### What you need to do
Look for the line with "The EarFun Air" in the entries below, then extract that line and all lines after it exactly, with pictures left out.

### Source records

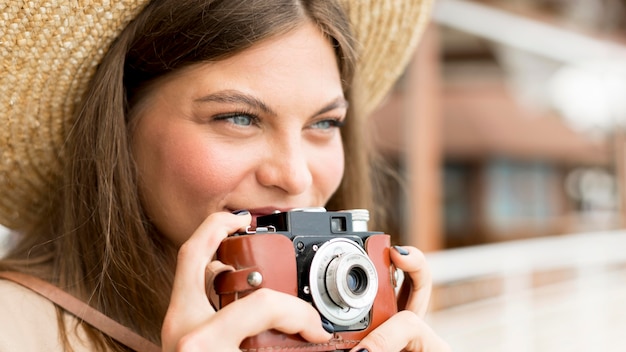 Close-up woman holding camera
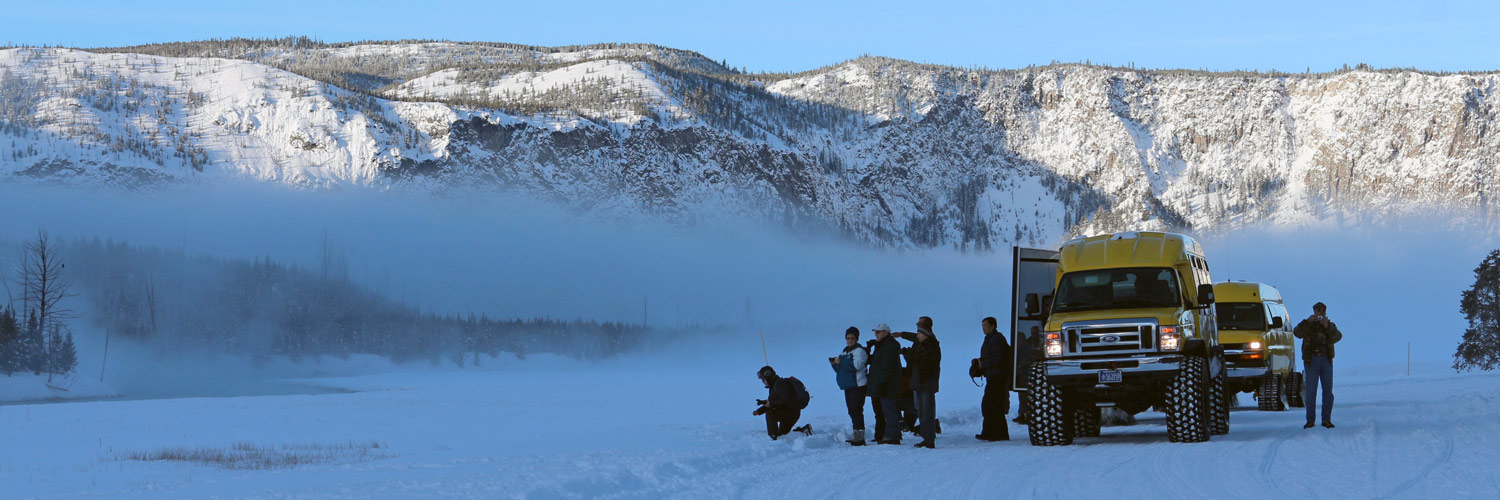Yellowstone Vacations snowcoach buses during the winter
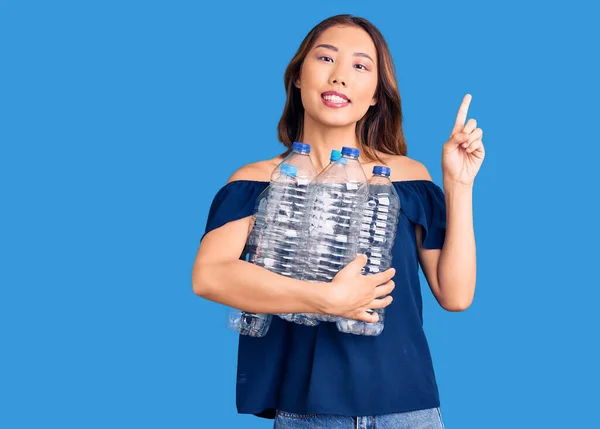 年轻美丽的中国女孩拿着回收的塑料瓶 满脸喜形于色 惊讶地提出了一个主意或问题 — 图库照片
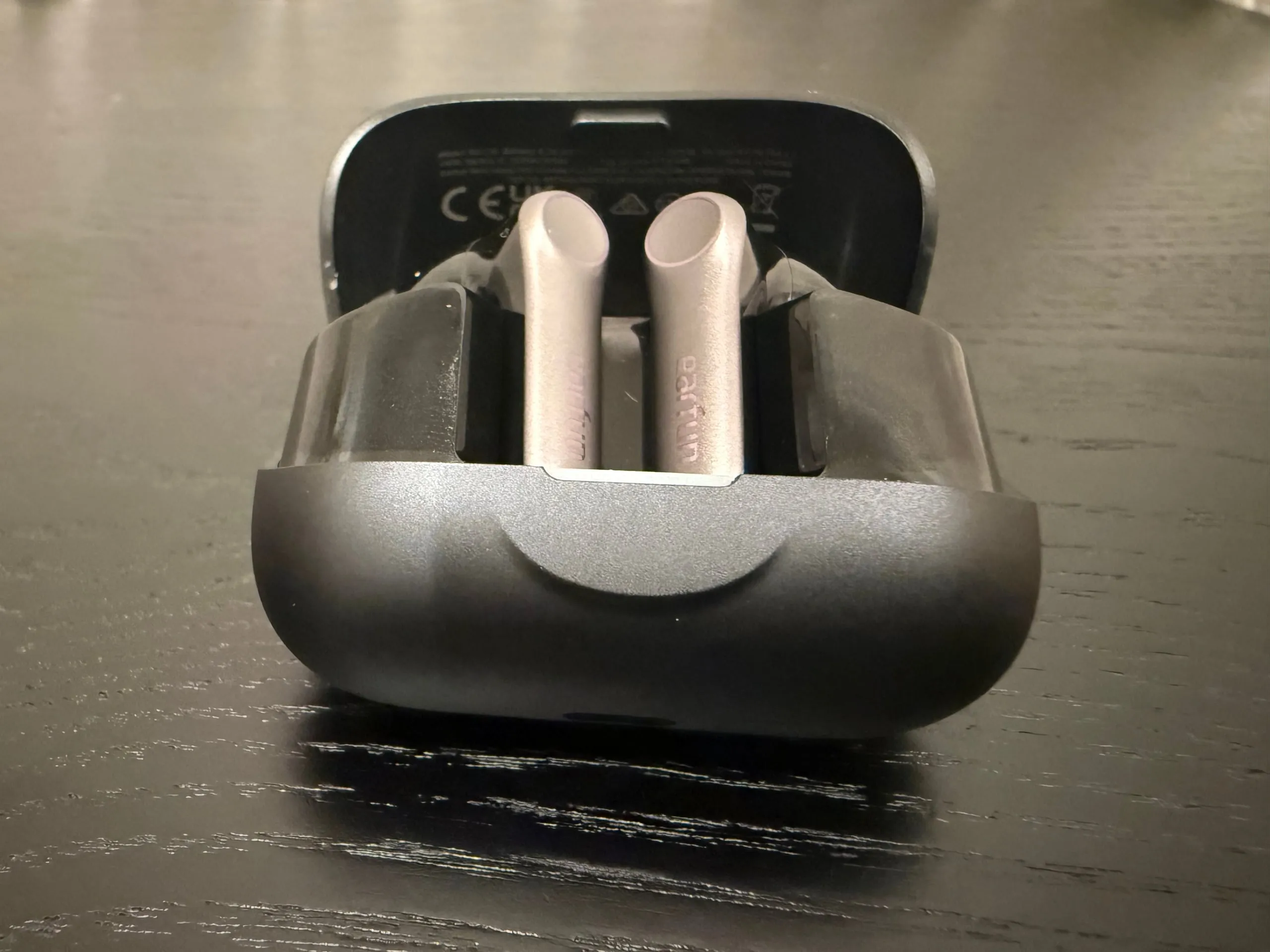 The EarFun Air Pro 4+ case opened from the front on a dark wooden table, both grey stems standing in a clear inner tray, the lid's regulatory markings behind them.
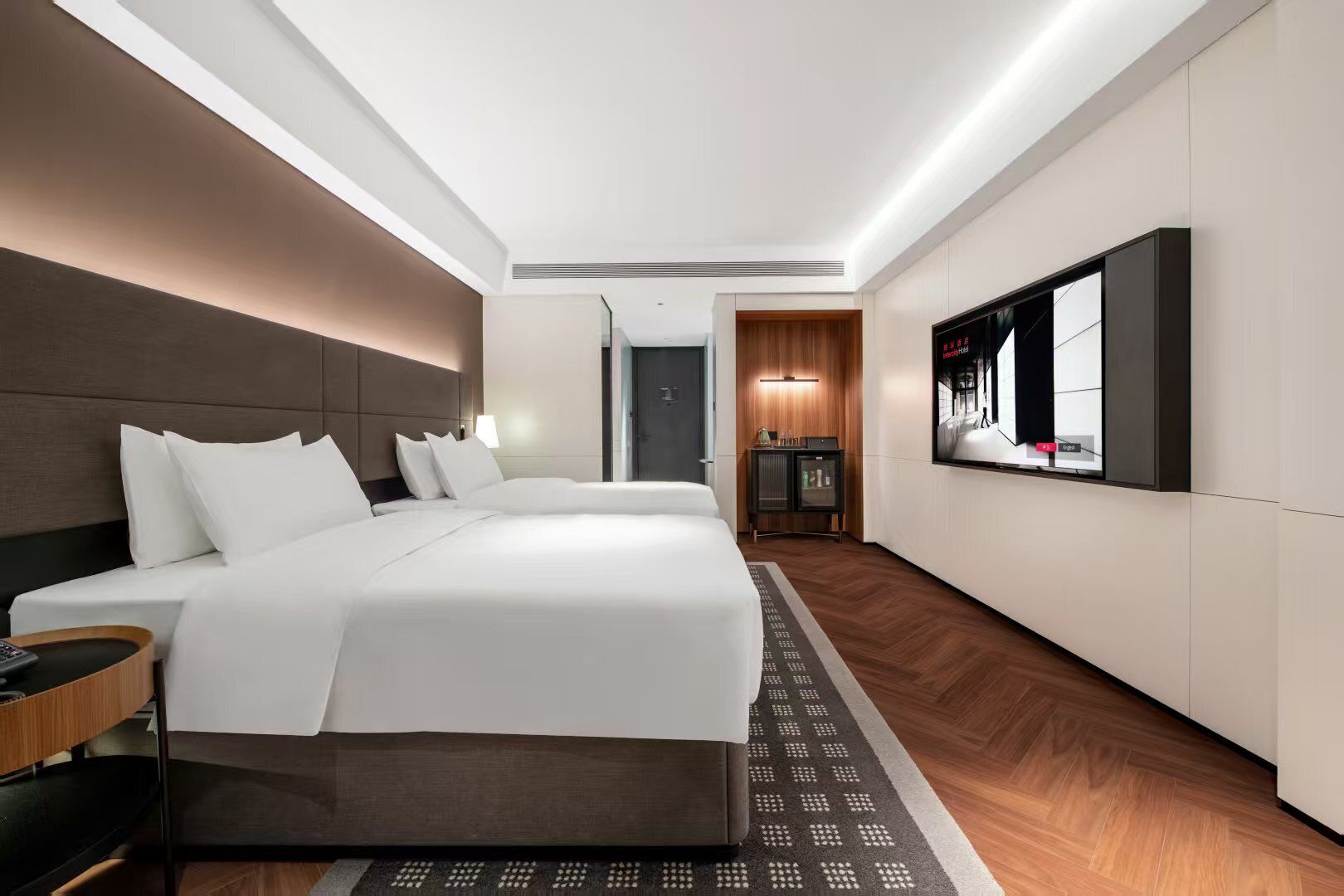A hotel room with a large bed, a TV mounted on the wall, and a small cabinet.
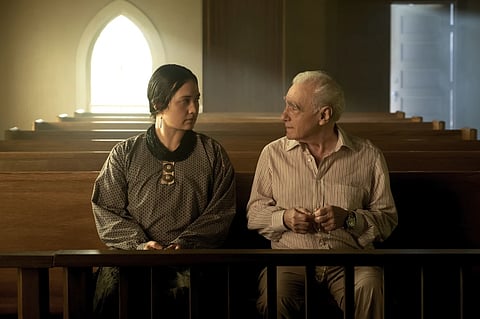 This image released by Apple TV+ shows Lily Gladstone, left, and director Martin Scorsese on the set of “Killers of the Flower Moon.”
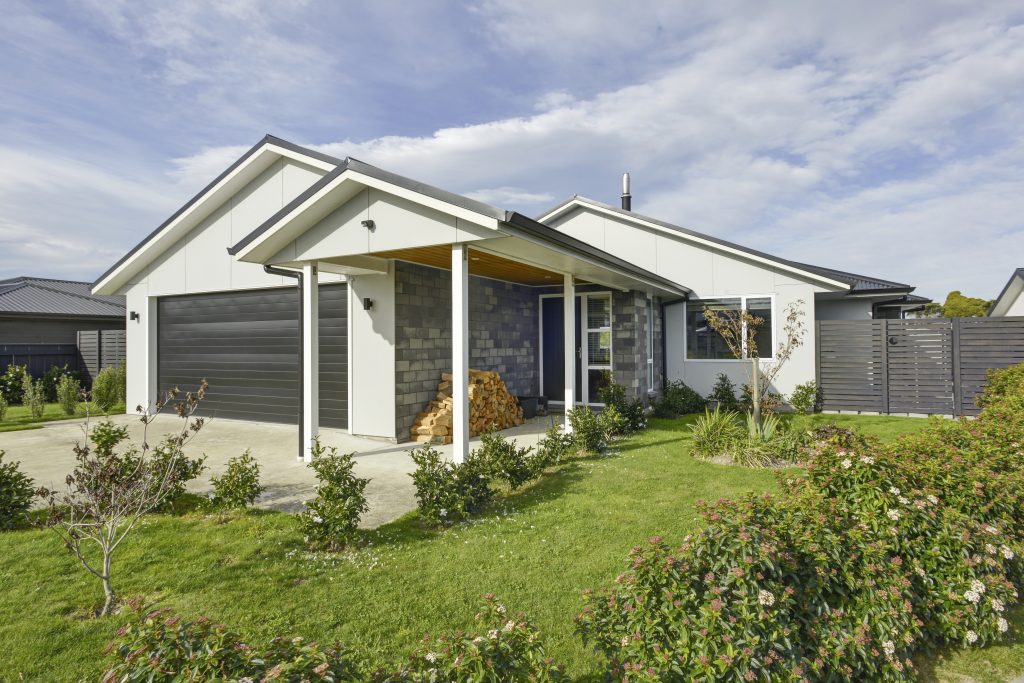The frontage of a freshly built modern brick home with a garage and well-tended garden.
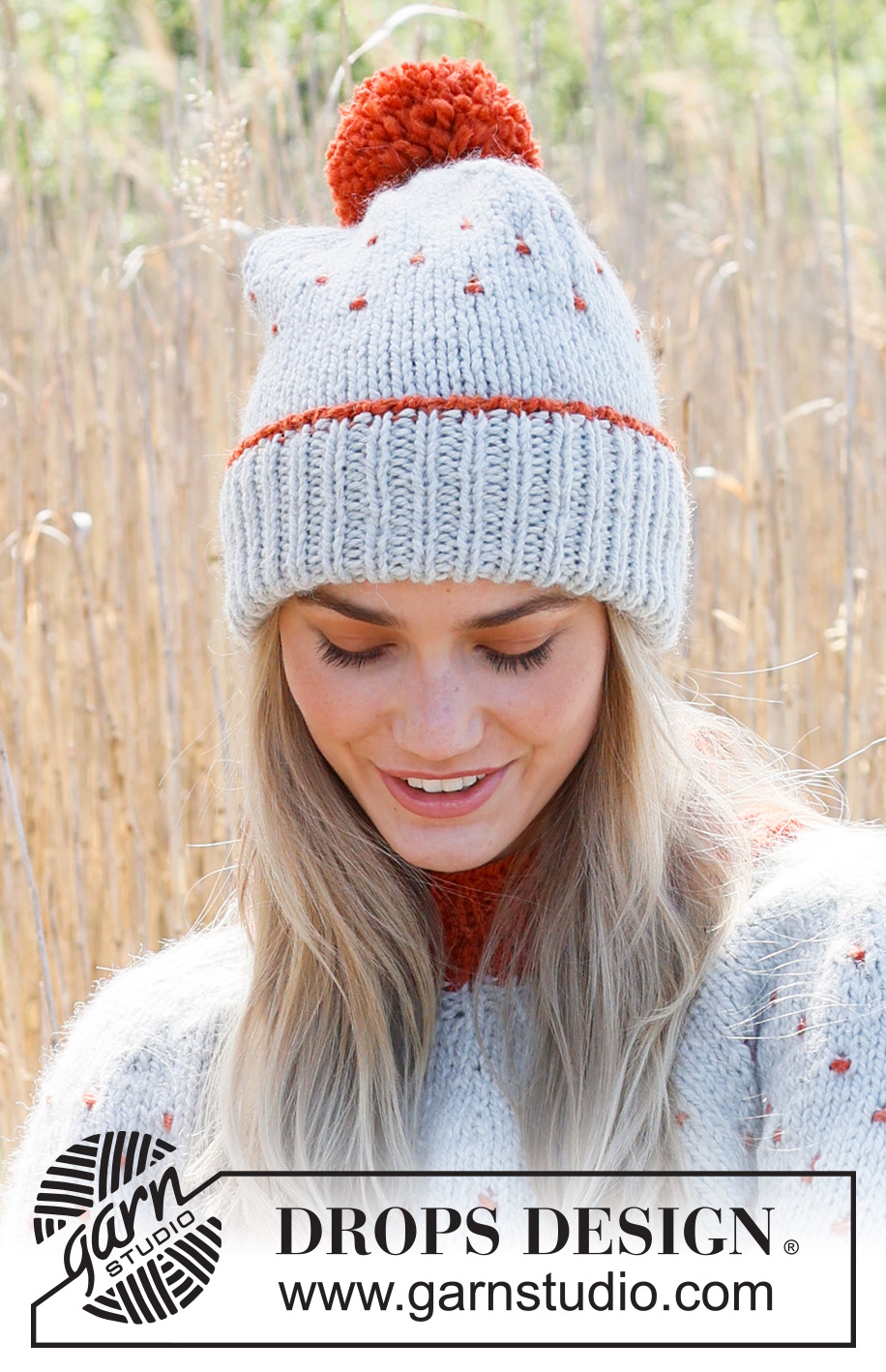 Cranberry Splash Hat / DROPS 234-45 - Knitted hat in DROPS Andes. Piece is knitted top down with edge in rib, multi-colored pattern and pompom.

### Answer area
 The EarFun Air Pro 4+ case opened from the front on a dark wooden table, both grey stems standing in a clear inner tray, the lid's regulatory markings behind them.
A hotel room with a large bed, a TV mounted on the wall, and a small cabinet.
 This image released by Apple TV+ shows Lily Gladstone, left, and director Martin Scorsese on the set of “Killers of the Flower Moon.”
The frontage of a freshly built modern brick home with a garage and well-tended garden.
 Cranberry Splash Hat / DROPS 234-45 - Knitted hat in DROPS Andes. Piece is knitted top down with edge in rib, multi-colored pattern and pompom.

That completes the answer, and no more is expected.